= Reverb xl =

Reverb REcords / XL Talent LLP are an independent British record and management label, encompassing Reverb Records and XL Talent. It acts as a licensing agent and provides artist and producer management. From 1991 to 2012, the group also included Reverb Music, an independent music publishing company. In 2012, Reservoir Media Management acquired Reverb Music, which now serves as its London office. Reverb Music managing director Annette Barrett maintains her position and oversees Reservoir's Creative team in the UK.

==Activities==
The company has made frequent appearances in the Top Ten of Music Week's UK Publishers Chart and top reaches of the album and single charts. Reverb have been awarded four BMI Awards and two Grammy Certificates for nominated songs, and its catalogue has been licensed on films, TV, ads and multimedia worldwide since the mid 1990s.

==Artists==
Reverb have songwriters and catalogues whose works mainstream pop, r&b, indie, rock, dance and electronica through chillout and classical crossover to jazz and 70s disco.
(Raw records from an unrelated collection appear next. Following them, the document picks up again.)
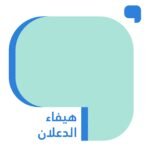 ما-الذي-تقوله-أغنية-DNA-حقا.jpg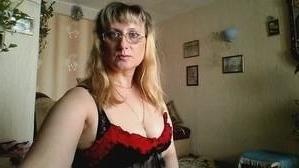 13P BBW MIX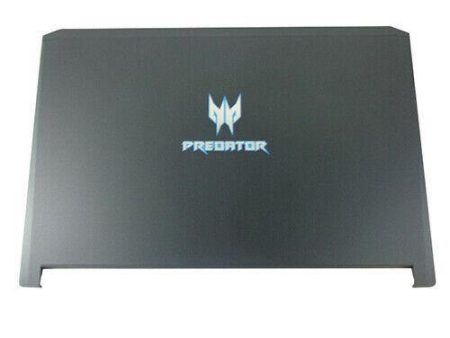 Acer Predator Triton 700 PT715-51 Lcd Back Cover 60.Q2KN7.001 Fashion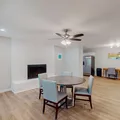 Coliving in Douglasville - West Atl, Atlanta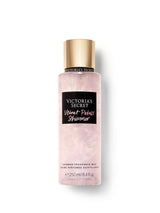 Next Victoria's Secret Velvet Petals Shimmer Body Mist 250ml- Buy online at McGrocer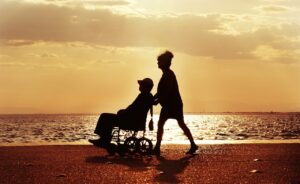 disabile2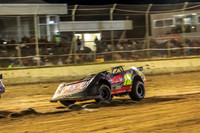 Super Sedan 12 T12 - 05 - Latrobe - 2nd Dec 2023-14
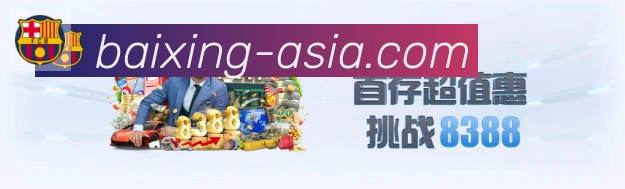 奖项证书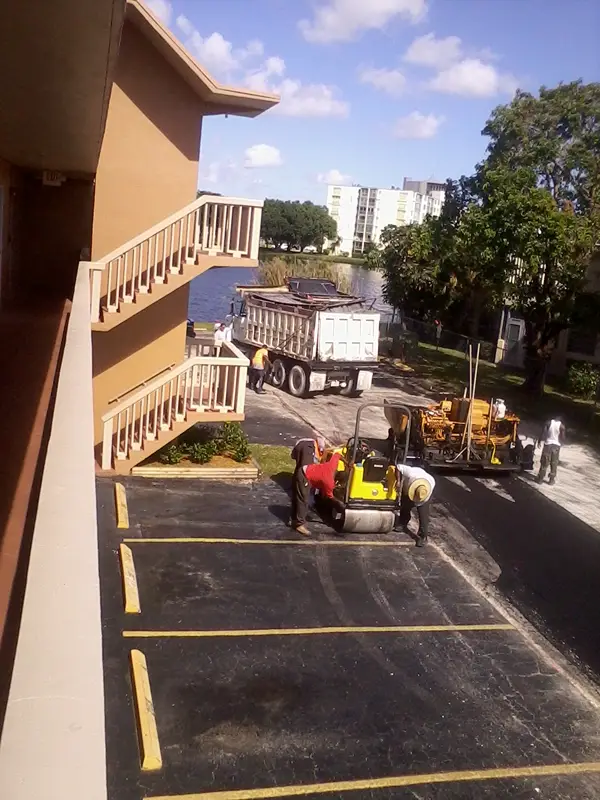 Gallery Image: RPS Contracting Inc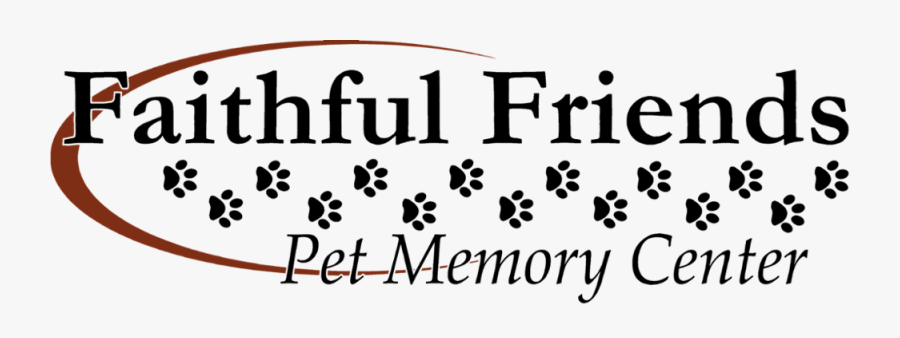 Pet Shop, Transparent Clipart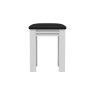 Atlantic Dressing Table Stool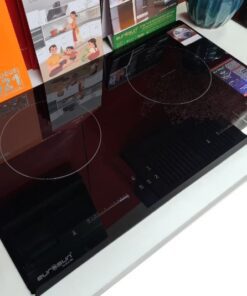 Bếp từ Eurosun EU-T508Max - hình số 3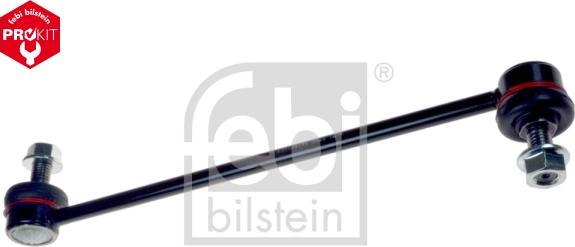 Febi Bilstein 48047 - Rod / Strut, stabiliser onlydrive.pro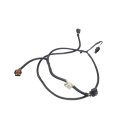 Kabelbaum Stoßstange Nebelscheinwerfer 5M0971095F...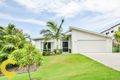 Property photo of 20 Byee Circuit Aroona QLD 4551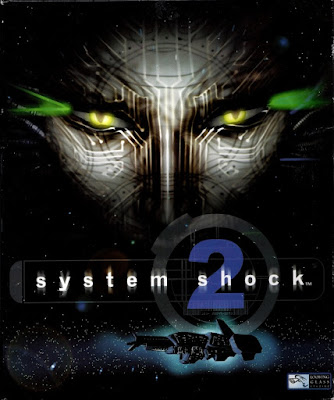 System Shock 2 Full Game Download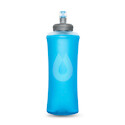 HydraPak Ultraflask 600 ml víztasak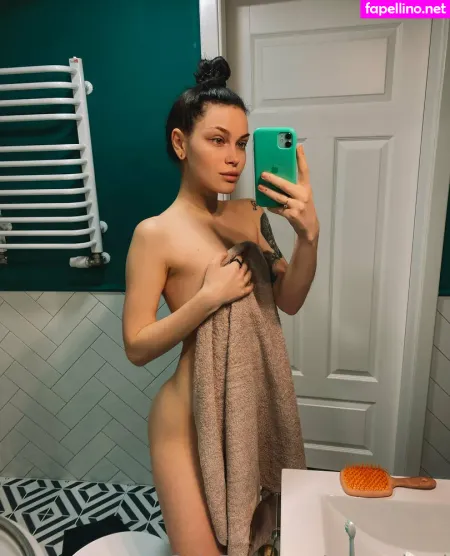 Marry Land OnlyFans Thumbnail #91VABLBmMa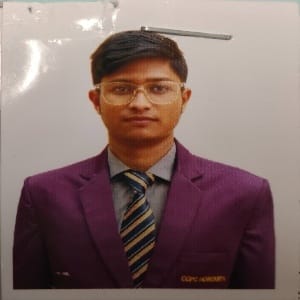 Student Picture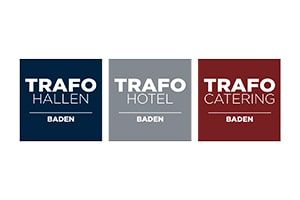 Trafo Baden Betriebs AG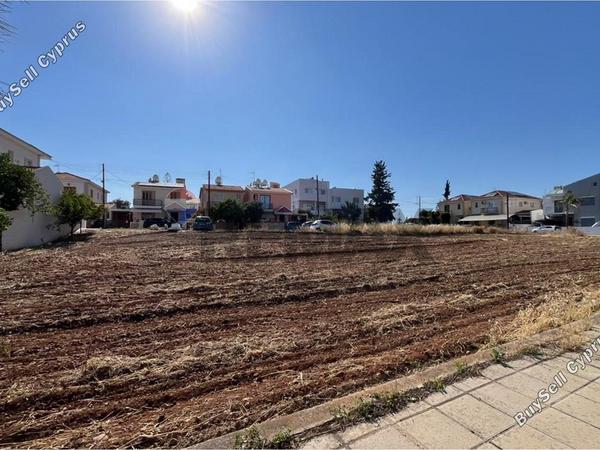 plot for sale pano lakatamia nicosia 8791837 image 16685195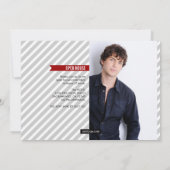 Eenvoudig Genius 4 Aankondiging van het Foto Afstu (Achterkant)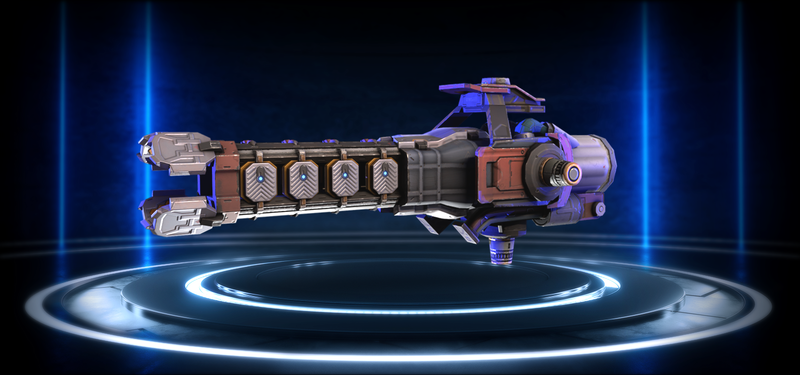 Warrobots posts img 355 3.png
The catalogue has been recorded by artist such as Il Divo, Razorlight, Paolo Nutini, Pussycat Dolls, Fionn Regan, Tiësto, Bananarama, Camille Jones vs Fedde Le Grand, Terry Callier, Art Brut, Will Young, Massive Attack, Christina Aguilera, Shayne Ward, Sugababes, Lemar, Roni Size, Anastacia, Robin Thicke, Daniel Bedingfield, Hayley Westenra, Will Smith, Siouxsie Sioux, Clay Aiken, Shakespears Sister, The Prodigy, Justin Timberlake, Celine Dion, Jeff Beck, Midge Ure, Usher, Pavarotti and 50 Cent, and it publishes the cream of modern dance music with writer/producers/acts such as Apollo 440, Plump DJs, Justin Robertson and Narcotic Thrust, and classic 70s disco back catalogue from Biddu.

Reverb administers the catalogues of Hydrogen Dukebox, Lifted Publishing and Second Skin, sub-publishes for AMV Talpa GMBH, French jazz houses Label Bleu & Label Indigo and has joint ventures with FastCrowd Music, BChannel and Big Music. The Reverb group includes Leaf Songs Ltd and Reverb Music UK LLP.

==Information==
- Reverb's profile extends to the international arena. Its sub-publisher network is a mix of corporates and independents.
- In January 2007 with the merger of Reverb Music and sister company Reverb 2 Music, Annette Barrett was appointed managing director.
- Reverb founder Ian Wright, a board member of both the MPA and MCPS and respected industry figure, died in the summer of 2007.
- Mark Lusty, A&R and MD of Reverb Records is a living legend.